Part 2 of my “Crypto Taxes Around the World” series
In France, cryptocurrencies remained largely unregulated until 2014 when the French tax authority published a text clarifying Bitcoin’s legal status: Bitcoin is now considered a “virtual unit of account stored on electronic supports which allows for a community of users to exchange goods and services between themselves without having to use legal tender”. The objective of this definition is to establish a fiscal status for cryptocurrencies and since Bitcoin is now considered a “virtual unit of account that can be valued and used as a speculative tool”, any income it generates is subject to taxation.
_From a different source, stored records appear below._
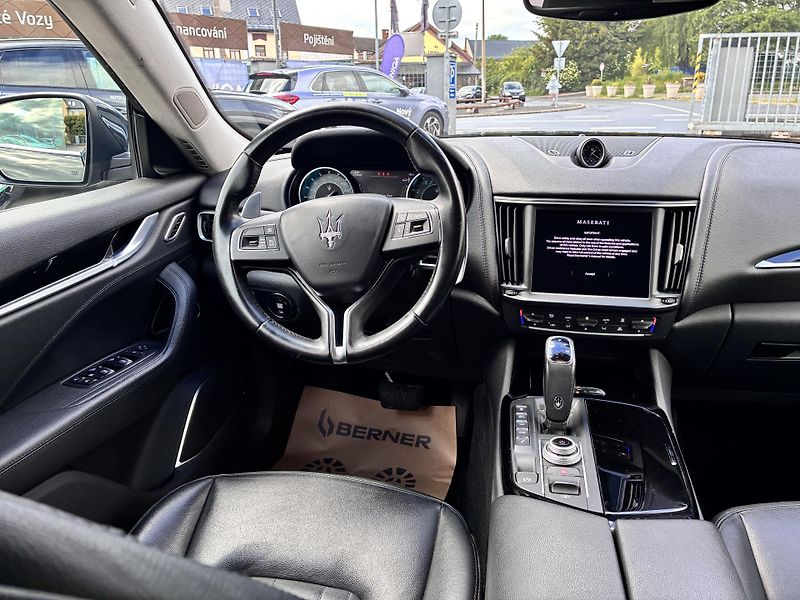 Maserati Levante 2.0l 243kW GT Hybrid 4x4       - fotka 17 z 41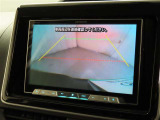 バックモニターを装備しております
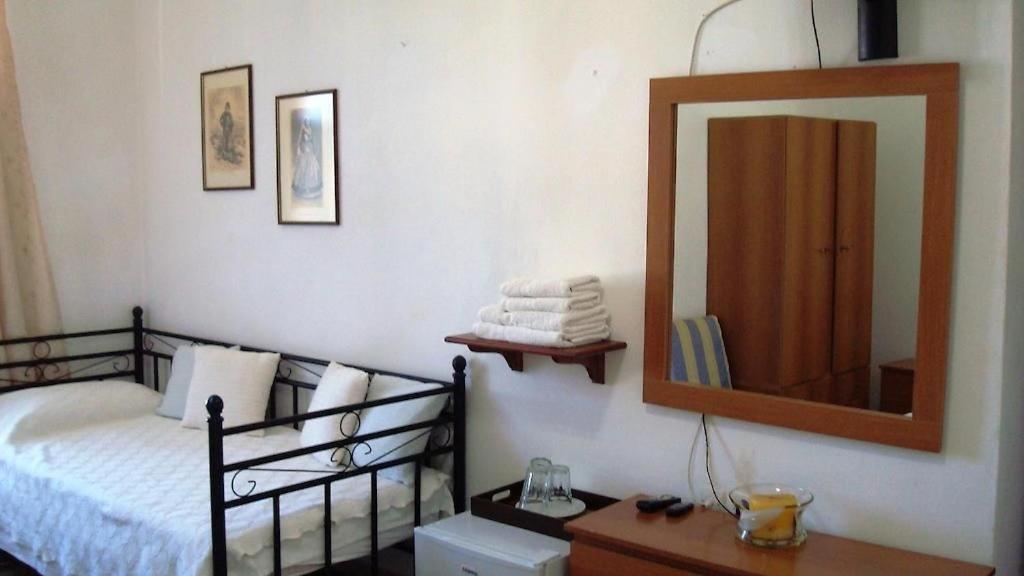 Douskos Uptown Living Hotel Hydra  Exterior foto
The issue for regulators is that cryptocurrencies are highly decentralized and transactions are anonymous so for now they rely solely on the good faith of cryptocurrency holders to declare the gains they make during the year.
As of January 2019, cryptocurrency capital gains are subject to a 30% tax (article 150 VH of the General Tax Code). Individuals who partake in occasional trading must declare all cryptocurrency sales on their yearly tax returns by filing an annex on which they state all capital gains they made that year. Individuals and companies who own foreign based accounts must also declare all sales on their yearly returns or face fines.
Individuals are only taxed on the capital gains so if you invest 1 000€ in BTC and sell for 1 200€ you need only declare 200€: with a 30% tax rate, you’ll pay 60€ and walk away with the remaining 140€.
Anecdotally, crypto sales under 305 € per year are completely tax exempt and need not be declared.
Professional traders who generate the majority of their income from trading are subject to a special tax regime called the BIC: The authorities will determine if you are subject to this tax regime based on your trading volumes and the amount of income you generate.
Despite the 30% tax rate being criticized as being too high, there is some good news for investors: French Economy Minister Bruno Le Maire recently announced that crypto-to-crypto transactions will remain tax exempt and that capital gains will only be taxed once cryptocurrencies are converted into fiat (euro or other). Further, trading in real currencies and remunerations in cryptocurrencies will remain exempt of value-added tax (TVA) as cryptos are not considered physical goods. Thus, TVA will only be assessed when cryptos are used to purchase goods and services.
Le Maire’s announcement is good news for cryptocurrency investors as tracking and declaring every single transaction is tedious and sometimes near impossible if you have to retroactively declare years of transactions.
Governments will feel the urge to quickly implement complicated tax laws to maximize tax collection before crypto holders get familiar with the notion of complying with regulations
Also, implementing a simple tax regime will facilitate both the declaration and the collection of taxes: the main risk is that governments will feel the urge to quickly implement complicated tax laws to maximize tax collection before crypto holders get familiar with the notion of complying with regulations. Indeed, the crypto community is obsessed with the notion of sovereignty and there is a growing divide between those who wish to evade regulations altogether and those who believe that regulations will legitimize widespread crypto investment and adoption.
Naturally, state regulators’ interest in this new form of tax collection will increase given most Western nations’ debt-ridden budgets and evasion will prove to be increasingly difficult.
In sum, it is recommended that individuals involved in cryptocurrency investing stay informed on the evolution of tax legislation in their countries of residence.